In de ochtend van 7 februari 2024 brandde het radiateurenbedrijf van Teunis van Nes in het Zeeuwse Kloetinge tot de grond toe af. Zelf raakte hij gewond. Ondanks alle ellende zijn het een jaar later vooral de mooie dingen waaraan hij terugdenkt, hoe gek dat ook mag klinken. Zo kreeg hij veel steun van mensen uit de straat. ,,Ik word nog steeds emotioneel als ik denk aan twee overbuurvrouwen”, vertelt hij aan de PZC.
,,De ruiten van hun huis waren gesneuveld door de brand, hun kinderen waren thuis, dus voor hen was het ook een panieksituatie. Toch maakten ze zich zorgen om mij. Ze zijn naar buiten gekomen. ‘Waar is Teunis? Waar is Teunis?’, riepen ze. Dat vind ik hartverwarmend.” De brandweer en het ziekenhuispersoneel hebben volgens Teunis ook zeer professioneel gehandeld. Dat de toen kersverse burgemeester diezelfde dag nog van zich liet horen, deed hem ook goed.
‘De stenen vielen al naar beneden’
Teunis was op de bewuste ochtend al vroeg aan het werk gegaan. Met zijn bedrijf dat radiateuren (warmtewisselaars) levert en repareert, zit hij al jaren aan het Westeinde. Plots was er brand. Beneden in de werkplaats wist hij het vuur nog te doven, maar het was al doorgeslagen naar boven. Toen hij de vlammen over zich heen voelde gaan, wist hij dat het een verloren zaak was. De ondernemer kon z’n administratie nog veiligstellen. Een paar mappen en een computer. ,,Toen ik met die computer naar buiten liep, moest ik over de stenen heen stappen die al naar beneden waren gevallen”, vertelt de 72-jarige ondernemer.
De stenen hadden hem niet geraakt, maar Teunis kwam niet ongeschonden uit de strijd. Hij had een brandwond op z’n hoofd. Zijn brandende pand achterlatend, werd hij met de ambulance naar het ziekenhuis gebracht. Toen hij later die ochtend terugkeerde, werd bevestigd wat hij eigenlijk al wist. Van zijn bedrijf was niets overgebleven. Asbest van het dak was op huizen en in tuinen aan de Patijnweg in Kloetinge en in de Schildersbuurt in Goes-Zuid terechtgekomen. Teunis voelde zich daar rottig over. ,,Dat was toen mijn eerste prioriteit”, blikt hij terug. ,,Dat moest worden opgeruimd. Die linten moesten weg.” Twee maanden na de brand was heel de buurt schoon.

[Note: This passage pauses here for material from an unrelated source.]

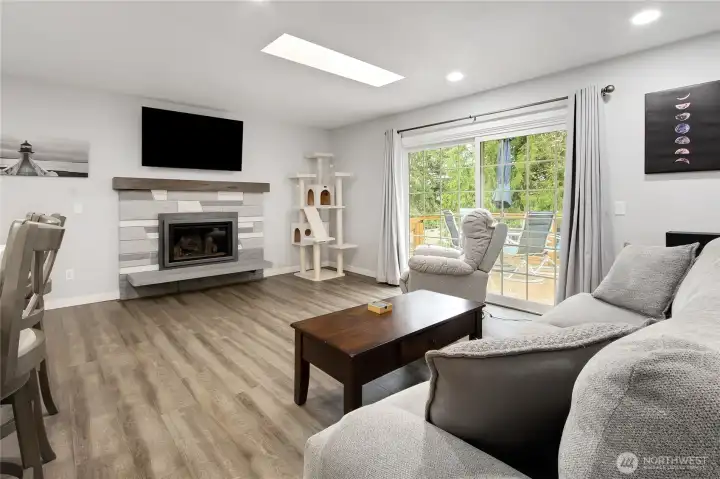 Another view of the family room. The fireplace is gas upstairs and there is a wood burning fireplace downstairs. A  closer view of the deck to your right.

Het opruimen van de asbest was mijn eerste prioriteit, die linten moesten weg
Teunis van Nes Getroffen ondernemer
Asbestverwijdering kostte ondernemer twee ton
Het verwijderen van het asbest heeft de ondernemer twee ton gekost. Geld dat hij niet terugkrijgt van de verzekering. Teunis steekt de hand in eigen boezem. ,,Ik liep al jaren rond met het idee het dak te laten vervangen, maar ik heb het niet gedaan. Het was dus mijn eigen schuld.” Hij heeft bij de getroffen bewoners een briefje in de bus gegooid, met excuses voor alle overlast.
Mensen vroegen in die tijd weleens of de brand, hoe triest ook, niet het moment was om te stoppen. Geen onlogische vraag, gezien de leeftijd van Teunis. Toch piekerde hij er niet over. Hij wilde niet dat bijna vijftig jaar ondernemerschap op zo’n manier zou eindigen. Teunis is geboren en getogen in Rijsoord, een dorp vlak bij Rotterdam. Daar werkte hij in een radiateurenhandel, toen de vestiging in Kloetinge in 1978 te koop kwam. ‘Is dat niks voor jou, Teunis?’, vroeg zijn toenmalige baas. Hij hapte toe. Als twintiger begon hij in Kloetinge.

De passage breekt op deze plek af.